▶ **Your task**: Wherever an image appears in the data, omit it and copy all the remaining text word for word.

▶ **The data**:

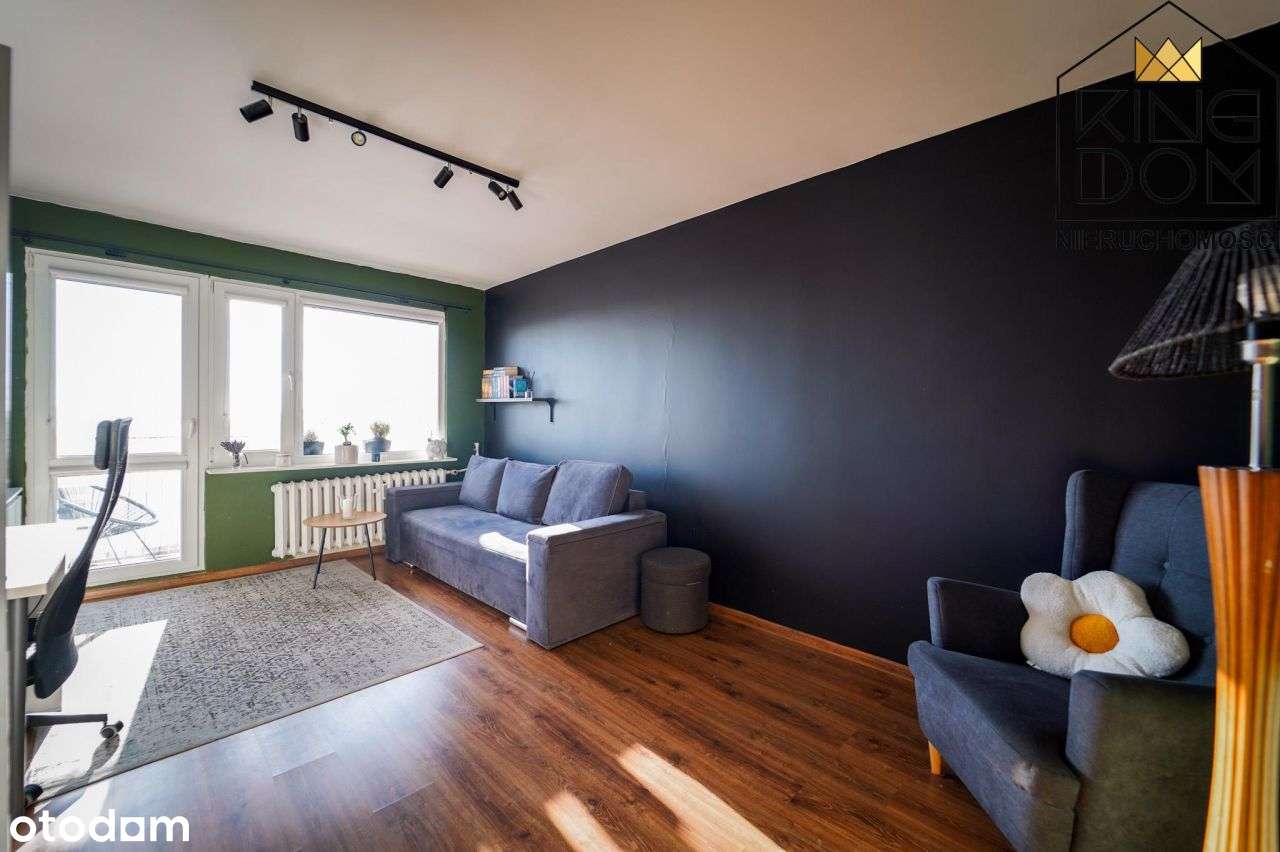 Wyposażona kawalerka z dużym balkonem-Nad Jarem-1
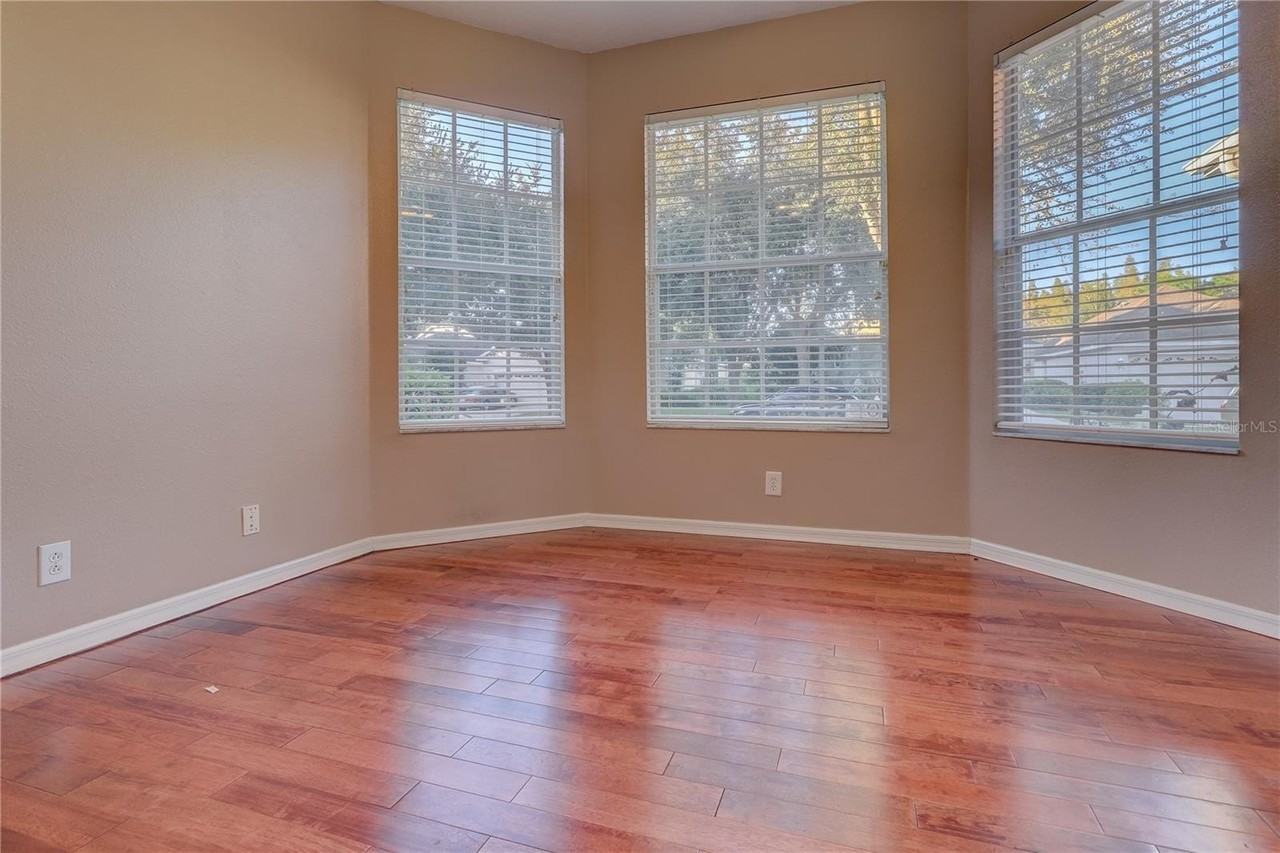10215 Evergreen Hill Dr - Photo 6 of 50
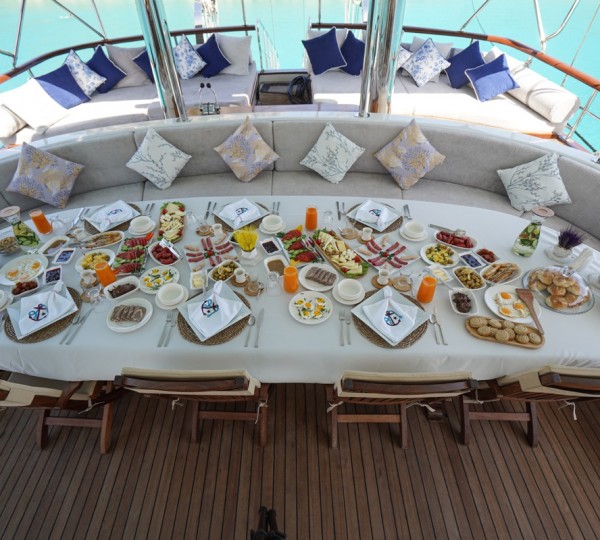 Breakfast At Prenses Esila Gulet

▶ **Output for this exercise**:
 Wyposażona kawalerka z dużym balkonem-Nad Jarem-1
10215 Evergreen Hill Dr - Photo 6 of 50
 Breakfast At Prenses Esila Gulet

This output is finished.